# eco complete white cichlid sand



## fast93accord (Nov 14, 2010)

I noticed Caribsea has a whole bunch of different eco completes... I'm setting up a 20 long in my computer room and was thinking of doing this tank with a light colored sand type substrate.
I was gonna do Mineralized top soil, and cap it, but on this 20 long its just not worth it to me...
I found Eco Complete White Cichlid Sand, and a whole bunch of other eco complete cichlid...substrates.
Ive also seen caribsea super naturals in the store. It looks nice and on their website it says ok for plants, but is it as good as eco complete or floramax? Or could i put down a bag of normal eco complete and cap it with super naturals? I'm just concerned about vacuuming and accidently mixing them up...
Anyone every use any of these with plants? The only thing i'm unsure of is that they say there buffered to raise the pH for african cichlids... 
I do plan to a pair of small cichlids, poss apistos... a few tetras and 1 bristlenose pleco.
I cant find a single person, or any info on anyone using any of these "cichlid" media's and would greatly appreciate any feedback!!!


----------



## Franco (Jun 13, 2010)

I don't think they are intended as a plant substrate and your fish choices probably wouldn't enjoy Rift Lake water hardness.


----------



## fast93accord (Nov 14, 2010)

thats what i was thinking... i dont know why they call it eco complete though...
would putting a bag of normal eco complete down, and covering it with supernatural sand be ok? I only plan on putting a few large stones and a few small plants in this tank, with an open layout, due to the shallow depth... 20 long...


----------



## Diana (Jan 14, 2010)

Plant substrates do several things, and not all substrates are equally good at all these things. 
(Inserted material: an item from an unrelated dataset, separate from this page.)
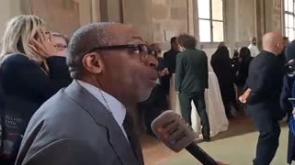 Il "red carpet" dal Papa, da Spike Lee a Cate Blanchett e Maria Grazia Cucinotta - Video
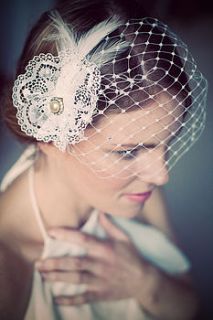 lucinda birdcage veil by silver sixpence in her shoe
While some are enhanced with fertilizers, this is not the main reason to buy a specific substrate. 
Over time, the original fertilizers will get used up. 

A substrate might be very good at holding the fertilizers in a way that plants can use them. This is called Cationic Exchange Capacity. I would look first for high CEC in any substrate. This stabilizes the available fertilizers so that if the supply is not regular, the plants do not suffer. 

A substrate should be fine enough that the roots are willing to cling to it to get some stability. Some substrates are better than others at this. I would look at this as perhaps the third most important factor. 

The second most important factor is how it looks to the fish. Many fish prefer a dark substrate. They feel safer, hidden from predators when they are in the shade of a planted stream bank, overhanging roots and so on. A white or light substrate makes the fish think they are out in the open, exposed to birds or other predators. They will often go hide in such a tank. 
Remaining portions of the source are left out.